On remand, the Forest Service prepared a Supplemental Environmental Impact Statement (“SEIS”) for the McCaslin project and an SEIS for the Northwest Howell project. It issued a draft SEIS for each individual project in January 2006. Eight months later, in September 2006, the Forest Service issued final statements and re-approved both projects. The Forest Service then filed motions in the district court to lift the injunctions issued in McCaslin I and Howell I. The district court, however, denied the motions because it found that the Forest Service did not show that the statements complied with NEPA. The parties later filed cross-motions for summary judgment addressing the adequacy of the statements under NEPA.

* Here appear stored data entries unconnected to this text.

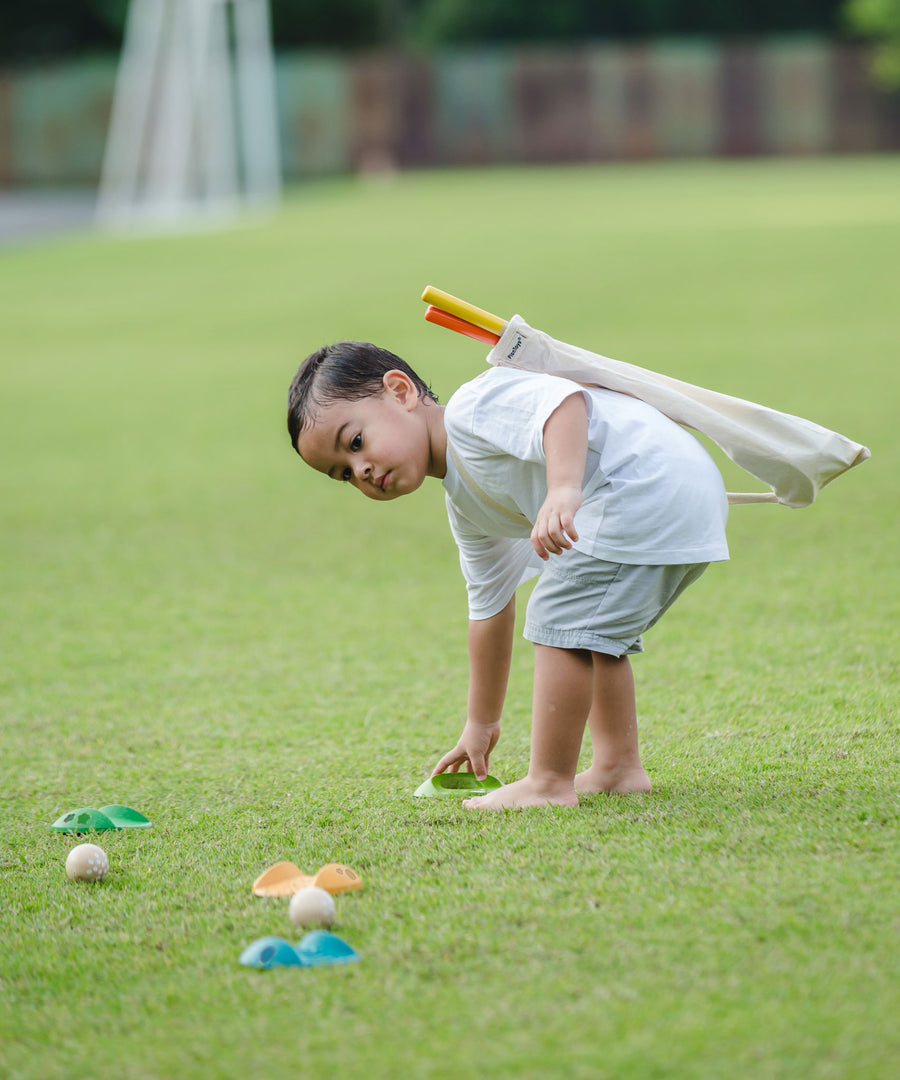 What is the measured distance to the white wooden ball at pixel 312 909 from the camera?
1.94 metres

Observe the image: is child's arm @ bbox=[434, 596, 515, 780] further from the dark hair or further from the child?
the dark hair

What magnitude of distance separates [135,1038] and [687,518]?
119cm

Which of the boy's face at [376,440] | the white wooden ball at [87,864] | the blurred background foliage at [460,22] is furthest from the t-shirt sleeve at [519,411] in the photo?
the blurred background foliage at [460,22]

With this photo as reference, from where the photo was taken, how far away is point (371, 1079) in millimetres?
1562

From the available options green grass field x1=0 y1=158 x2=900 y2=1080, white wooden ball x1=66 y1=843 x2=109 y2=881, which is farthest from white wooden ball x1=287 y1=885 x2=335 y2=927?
white wooden ball x1=66 y1=843 x2=109 y2=881

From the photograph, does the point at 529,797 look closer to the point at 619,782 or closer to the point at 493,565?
the point at 619,782

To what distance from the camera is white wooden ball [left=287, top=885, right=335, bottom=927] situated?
1.94 m

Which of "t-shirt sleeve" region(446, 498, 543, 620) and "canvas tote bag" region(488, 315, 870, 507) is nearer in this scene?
"canvas tote bag" region(488, 315, 870, 507)

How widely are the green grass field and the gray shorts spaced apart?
0.93ft

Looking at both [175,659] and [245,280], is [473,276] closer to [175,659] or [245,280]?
[245,280]

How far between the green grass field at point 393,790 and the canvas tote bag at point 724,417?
0.53m

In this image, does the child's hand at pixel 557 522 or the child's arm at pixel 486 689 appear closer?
the child's hand at pixel 557 522

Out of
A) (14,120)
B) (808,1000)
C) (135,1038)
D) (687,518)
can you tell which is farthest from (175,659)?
(14,120)

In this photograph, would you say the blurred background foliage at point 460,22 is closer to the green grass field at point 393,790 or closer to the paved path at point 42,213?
the paved path at point 42,213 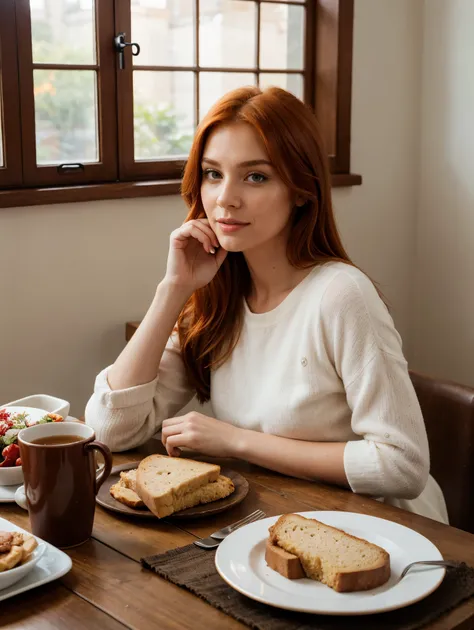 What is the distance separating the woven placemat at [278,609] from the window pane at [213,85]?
193cm

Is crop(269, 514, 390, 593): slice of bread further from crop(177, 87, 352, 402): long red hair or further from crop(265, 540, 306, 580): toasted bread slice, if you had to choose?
crop(177, 87, 352, 402): long red hair

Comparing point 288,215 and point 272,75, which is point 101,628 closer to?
point 288,215

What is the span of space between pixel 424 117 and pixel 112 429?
6.95 feet

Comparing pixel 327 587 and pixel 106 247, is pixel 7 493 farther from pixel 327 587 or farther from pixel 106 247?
pixel 106 247

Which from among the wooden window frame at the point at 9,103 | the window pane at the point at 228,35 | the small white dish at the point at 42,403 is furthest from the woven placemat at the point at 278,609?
the window pane at the point at 228,35

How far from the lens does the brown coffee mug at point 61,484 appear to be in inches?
44.5

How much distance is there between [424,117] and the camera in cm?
324

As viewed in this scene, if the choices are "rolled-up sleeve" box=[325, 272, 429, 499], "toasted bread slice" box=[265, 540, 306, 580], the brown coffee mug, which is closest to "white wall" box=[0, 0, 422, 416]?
"rolled-up sleeve" box=[325, 272, 429, 499]

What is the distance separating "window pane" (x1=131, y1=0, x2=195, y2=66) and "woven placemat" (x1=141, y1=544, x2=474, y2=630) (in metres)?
1.84

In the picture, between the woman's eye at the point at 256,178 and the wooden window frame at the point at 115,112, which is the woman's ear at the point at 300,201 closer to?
the woman's eye at the point at 256,178

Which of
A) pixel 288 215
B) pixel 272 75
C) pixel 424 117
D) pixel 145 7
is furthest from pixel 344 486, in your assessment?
pixel 424 117

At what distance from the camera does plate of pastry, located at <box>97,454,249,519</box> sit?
4.08 feet

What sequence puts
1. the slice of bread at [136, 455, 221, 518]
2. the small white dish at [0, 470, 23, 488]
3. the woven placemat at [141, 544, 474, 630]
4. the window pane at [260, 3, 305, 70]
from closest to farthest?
1. the woven placemat at [141, 544, 474, 630]
2. the slice of bread at [136, 455, 221, 518]
3. the small white dish at [0, 470, 23, 488]
4. the window pane at [260, 3, 305, 70]

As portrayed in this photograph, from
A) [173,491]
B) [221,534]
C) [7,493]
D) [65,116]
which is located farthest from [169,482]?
[65,116] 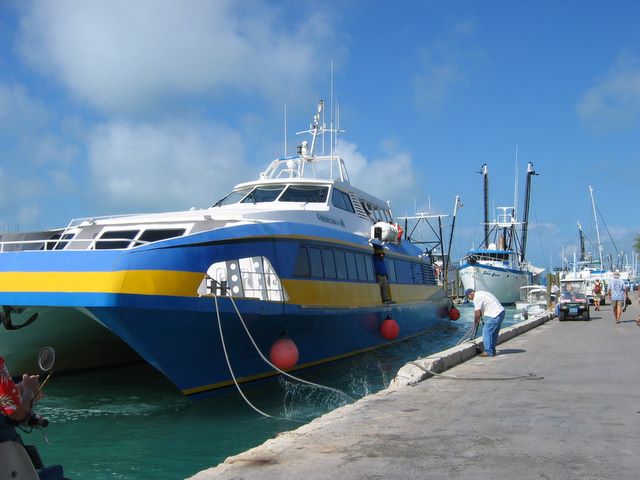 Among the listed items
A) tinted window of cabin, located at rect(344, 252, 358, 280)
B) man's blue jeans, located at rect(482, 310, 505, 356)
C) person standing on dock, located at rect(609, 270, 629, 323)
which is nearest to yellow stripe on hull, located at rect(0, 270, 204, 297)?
tinted window of cabin, located at rect(344, 252, 358, 280)

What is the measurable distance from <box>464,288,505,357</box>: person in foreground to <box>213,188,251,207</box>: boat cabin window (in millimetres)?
5562

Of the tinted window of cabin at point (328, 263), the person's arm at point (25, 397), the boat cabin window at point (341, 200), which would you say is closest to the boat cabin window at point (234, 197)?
the boat cabin window at point (341, 200)

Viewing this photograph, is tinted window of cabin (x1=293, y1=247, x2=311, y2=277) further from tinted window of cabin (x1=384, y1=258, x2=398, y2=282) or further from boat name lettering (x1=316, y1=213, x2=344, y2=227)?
tinted window of cabin (x1=384, y1=258, x2=398, y2=282)

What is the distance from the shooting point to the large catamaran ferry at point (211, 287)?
8.38 metres

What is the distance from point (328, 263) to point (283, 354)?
2822 mm

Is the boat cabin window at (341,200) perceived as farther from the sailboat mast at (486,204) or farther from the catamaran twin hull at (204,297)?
the sailboat mast at (486,204)

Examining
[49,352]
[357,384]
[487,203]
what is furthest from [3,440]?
[487,203]

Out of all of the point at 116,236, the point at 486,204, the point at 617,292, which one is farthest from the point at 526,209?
the point at 116,236

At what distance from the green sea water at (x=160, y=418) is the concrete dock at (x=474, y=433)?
176 centimetres

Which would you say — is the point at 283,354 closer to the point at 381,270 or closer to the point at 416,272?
the point at 381,270

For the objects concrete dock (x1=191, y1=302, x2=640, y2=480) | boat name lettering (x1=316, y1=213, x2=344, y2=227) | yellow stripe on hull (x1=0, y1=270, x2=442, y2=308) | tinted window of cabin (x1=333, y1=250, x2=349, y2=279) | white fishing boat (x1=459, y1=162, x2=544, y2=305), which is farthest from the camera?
white fishing boat (x1=459, y1=162, x2=544, y2=305)

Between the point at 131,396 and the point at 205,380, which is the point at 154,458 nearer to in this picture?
the point at 205,380

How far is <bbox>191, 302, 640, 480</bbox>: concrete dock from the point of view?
14.9ft

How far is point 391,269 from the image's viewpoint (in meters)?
16.4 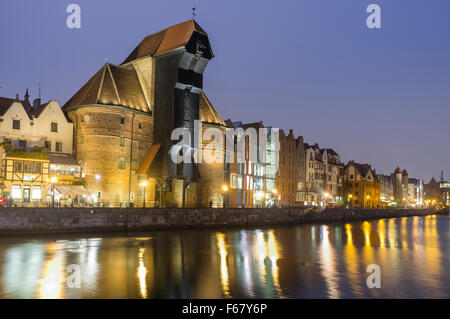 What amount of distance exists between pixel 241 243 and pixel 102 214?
45.4ft

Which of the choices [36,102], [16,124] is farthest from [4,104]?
[36,102]

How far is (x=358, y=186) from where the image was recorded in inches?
4961

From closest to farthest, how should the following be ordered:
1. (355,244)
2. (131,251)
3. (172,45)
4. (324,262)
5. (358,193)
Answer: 1. (324,262)
2. (131,251)
3. (355,244)
4. (172,45)
5. (358,193)

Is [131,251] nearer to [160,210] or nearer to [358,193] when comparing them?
[160,210]

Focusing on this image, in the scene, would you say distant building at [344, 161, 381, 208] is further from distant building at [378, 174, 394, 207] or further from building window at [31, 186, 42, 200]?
building window at [31, 186, 42, 200]

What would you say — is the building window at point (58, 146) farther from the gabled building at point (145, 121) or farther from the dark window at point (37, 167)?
the dark window at point (37, 167)

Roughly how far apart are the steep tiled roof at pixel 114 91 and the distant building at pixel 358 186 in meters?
79.8

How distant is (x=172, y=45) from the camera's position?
2311 inches

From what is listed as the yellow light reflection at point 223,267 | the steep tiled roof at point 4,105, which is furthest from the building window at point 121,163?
the yellow light reflection at point 223,267

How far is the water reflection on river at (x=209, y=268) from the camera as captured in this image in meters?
19.3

In their motion for summary judgment, the plaintiffs argued that the statements did not comport with NEPA because, among other things, they failed to discuss reasonably foreseeable projects that were formally proposed after the issuance of each draft SEIS and were scheduled to occur on the Nicolet side of the Forest in the near future. The plaintiffs highlighted the Fishel Vegetation and Transportation Management Project that was proposed on March 9, 2006, six months before the Forest Service issued final statements for the McCaslin and Northwest Howell projects. The Fishel proposal identified the project's boundaries, stated its objective, and identified the precise action to be undertaken. It also estimated the number of acres that would be affected by the project and the volume of timber that would be made available for sale.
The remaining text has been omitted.